Once stuck squarely in the middle of junior high, eighth grade has taken on new importance as the end of the modern middle-school experience, which begins in sixth grade for most students, educators say. It is the gateway to the super-charged, high-school experience.
"They are jumping off to another world," said Bob Wise, former governor of West Virginia and president of the nonprofit Alliance for Excellence Education. "And that's the world of heavy content courses, where if you don't have the fundamentals down, you are in great peril."

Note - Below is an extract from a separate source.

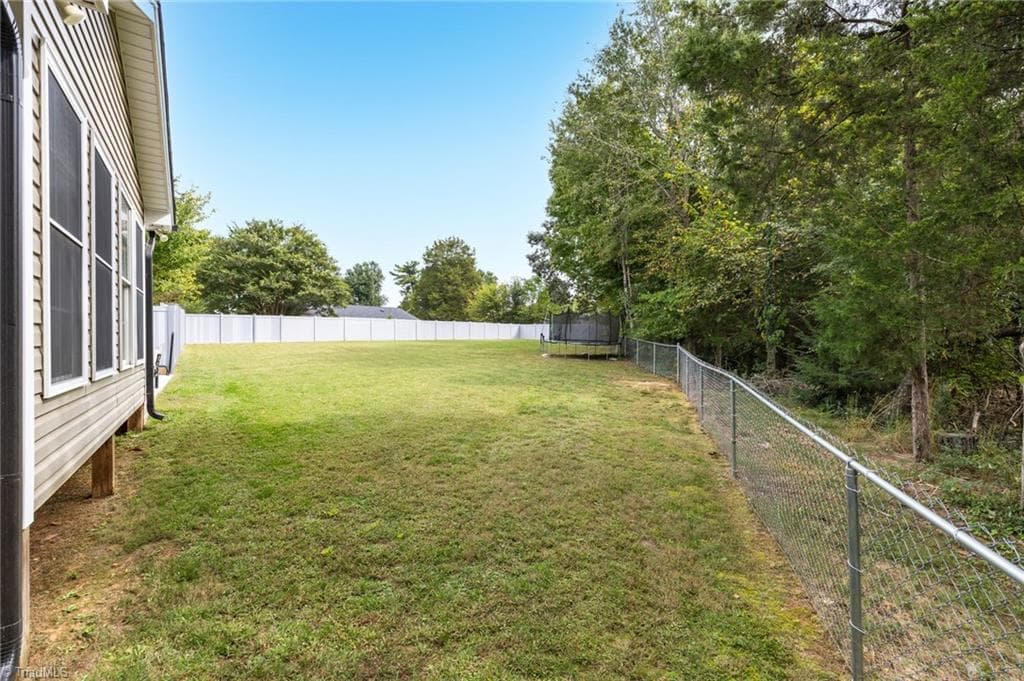 Stick/Site Built at 2095 Ardmore Court, Winston-Salem NC 27127, Winston-Salem, photo 33 of 45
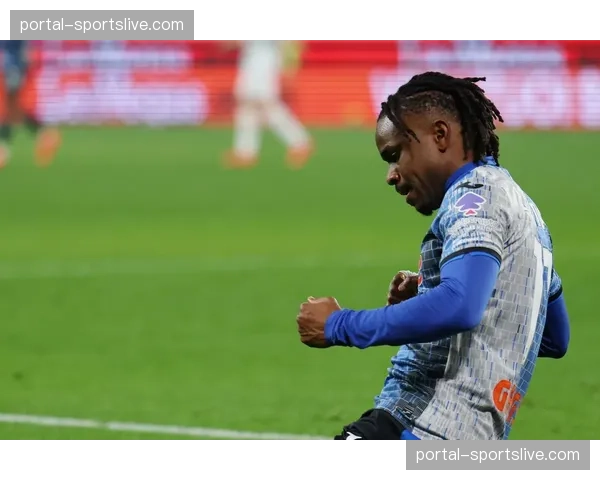 从扳平到绝杀:回顾佛罗伦萨客场逆转拉齐奥的最后十分钟 从扳平到绝杀:回顾佛罗伦萨客场逆转拉齐奥的最后十分钟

Confident, often rambunctious and brutally honest, eighth-graders present adults with a jumble of appearances. They want to be challenged, said teacher Jennet Ballinger of Dubois Middle School in Dubois, Wyo., and they "have a desire to make a difference." One-on-one, they can be sensitive and kind; when they are "in a pack," she said, they can be mean. They can be delightful and difficult.
"This is such a great age," said James Albright, Langston Hughes's middle school program coordinator. "They are still cheerful enough that it is a pleasure to be in the classroom with them. They are not jaded. But they are ready to have serious conversations."
For many students, eighth grade is a year of contradictions.